> WORK ORDER
Going through the entries below, count each line containing the word "vehicle". Report the number only.

> EXTRACTED ENTRIES
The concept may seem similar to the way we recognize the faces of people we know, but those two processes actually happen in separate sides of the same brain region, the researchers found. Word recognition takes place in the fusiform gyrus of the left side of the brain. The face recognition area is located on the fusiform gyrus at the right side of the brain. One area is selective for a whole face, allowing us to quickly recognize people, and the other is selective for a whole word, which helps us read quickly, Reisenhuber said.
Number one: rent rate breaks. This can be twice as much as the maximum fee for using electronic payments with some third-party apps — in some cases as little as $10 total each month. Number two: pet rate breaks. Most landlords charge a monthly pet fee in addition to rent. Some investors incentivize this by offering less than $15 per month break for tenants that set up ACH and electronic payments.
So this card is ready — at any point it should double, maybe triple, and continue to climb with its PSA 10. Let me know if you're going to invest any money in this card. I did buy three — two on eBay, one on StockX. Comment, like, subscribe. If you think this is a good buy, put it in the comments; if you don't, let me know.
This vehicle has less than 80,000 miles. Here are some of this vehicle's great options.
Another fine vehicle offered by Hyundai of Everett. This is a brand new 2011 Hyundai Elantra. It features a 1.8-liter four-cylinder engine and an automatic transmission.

...

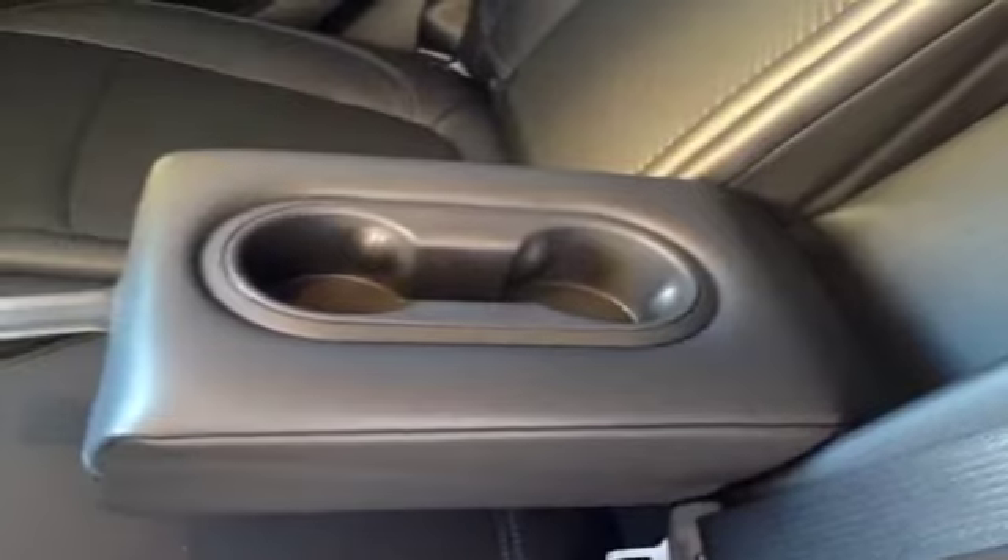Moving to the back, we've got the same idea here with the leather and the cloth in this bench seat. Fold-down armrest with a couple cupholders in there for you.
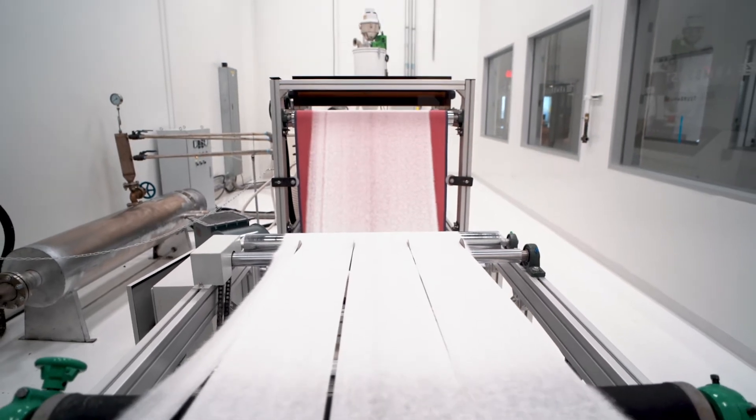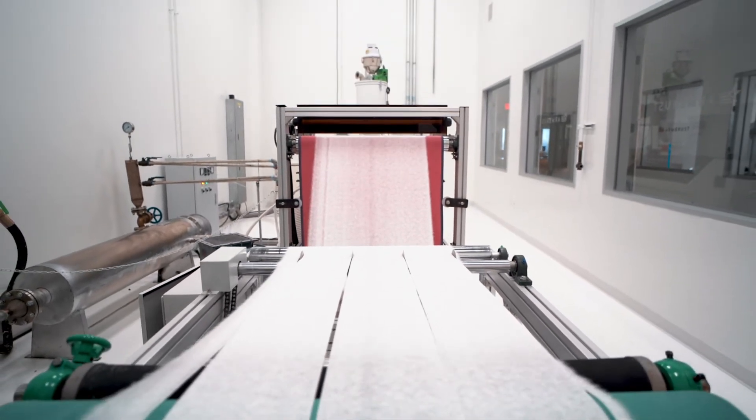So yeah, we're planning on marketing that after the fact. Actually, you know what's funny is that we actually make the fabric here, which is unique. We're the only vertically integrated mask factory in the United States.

...

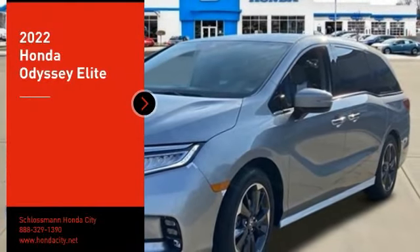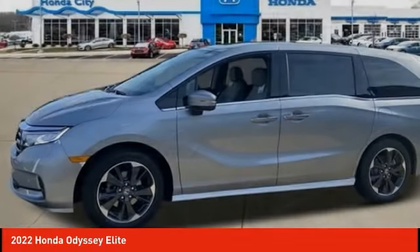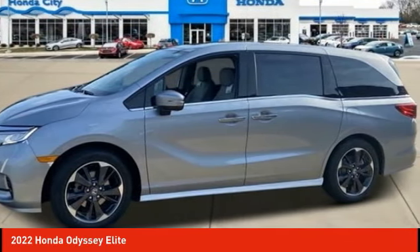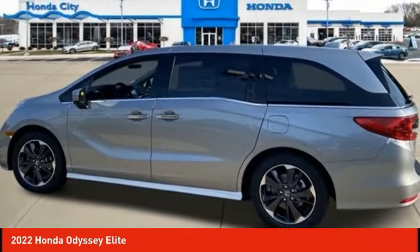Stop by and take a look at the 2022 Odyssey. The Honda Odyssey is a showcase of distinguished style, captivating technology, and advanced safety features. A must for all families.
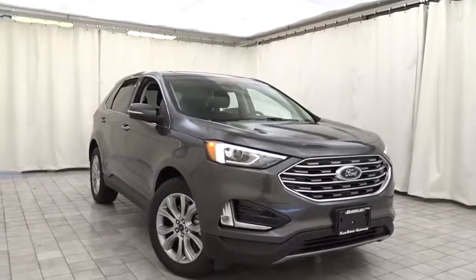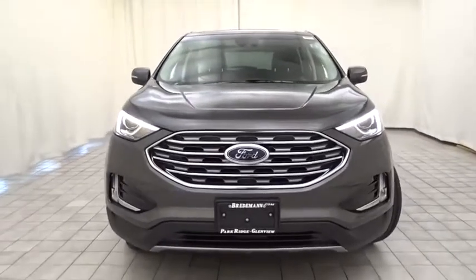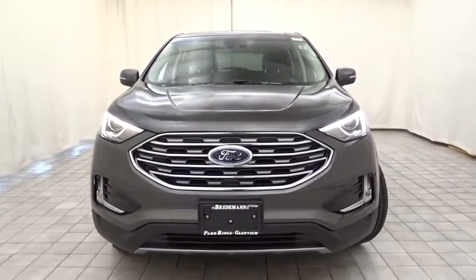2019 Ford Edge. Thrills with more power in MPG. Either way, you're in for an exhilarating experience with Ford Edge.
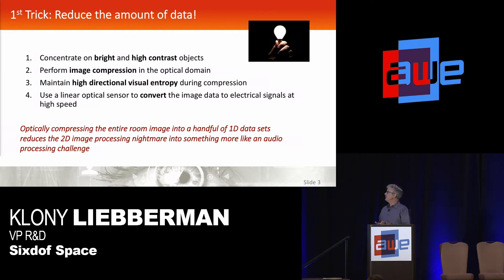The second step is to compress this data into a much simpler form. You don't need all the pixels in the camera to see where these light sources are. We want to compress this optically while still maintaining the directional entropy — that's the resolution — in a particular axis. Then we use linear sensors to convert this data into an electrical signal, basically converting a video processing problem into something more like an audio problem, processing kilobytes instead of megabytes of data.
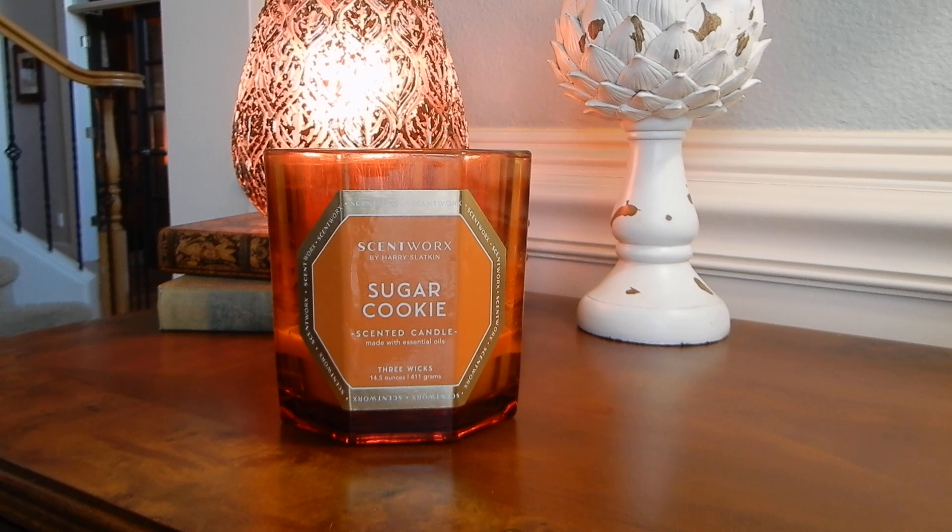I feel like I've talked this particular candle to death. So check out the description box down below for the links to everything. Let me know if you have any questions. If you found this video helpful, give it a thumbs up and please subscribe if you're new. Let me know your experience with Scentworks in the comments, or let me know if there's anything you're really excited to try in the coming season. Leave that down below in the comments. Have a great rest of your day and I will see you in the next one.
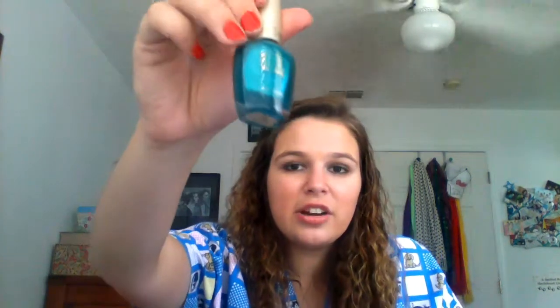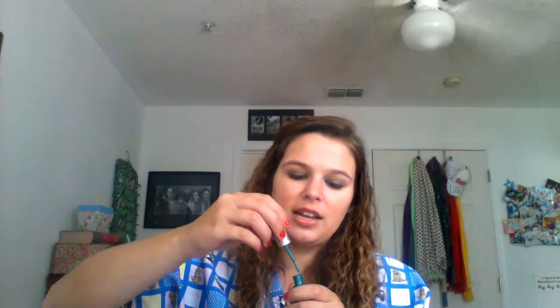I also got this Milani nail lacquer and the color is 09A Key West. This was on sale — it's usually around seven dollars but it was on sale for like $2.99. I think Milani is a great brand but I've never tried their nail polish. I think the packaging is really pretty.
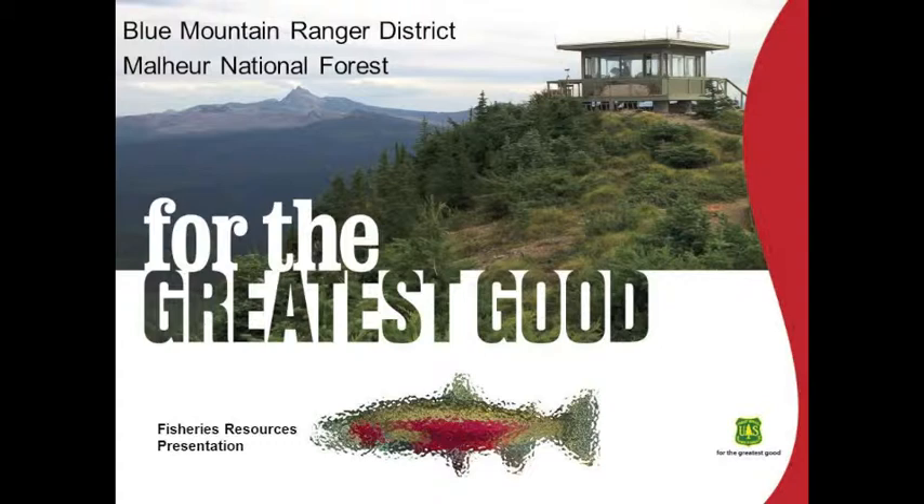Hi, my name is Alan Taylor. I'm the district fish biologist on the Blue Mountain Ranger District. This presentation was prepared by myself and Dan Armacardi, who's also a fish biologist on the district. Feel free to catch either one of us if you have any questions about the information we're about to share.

> ANSWER TO THIS TASK
2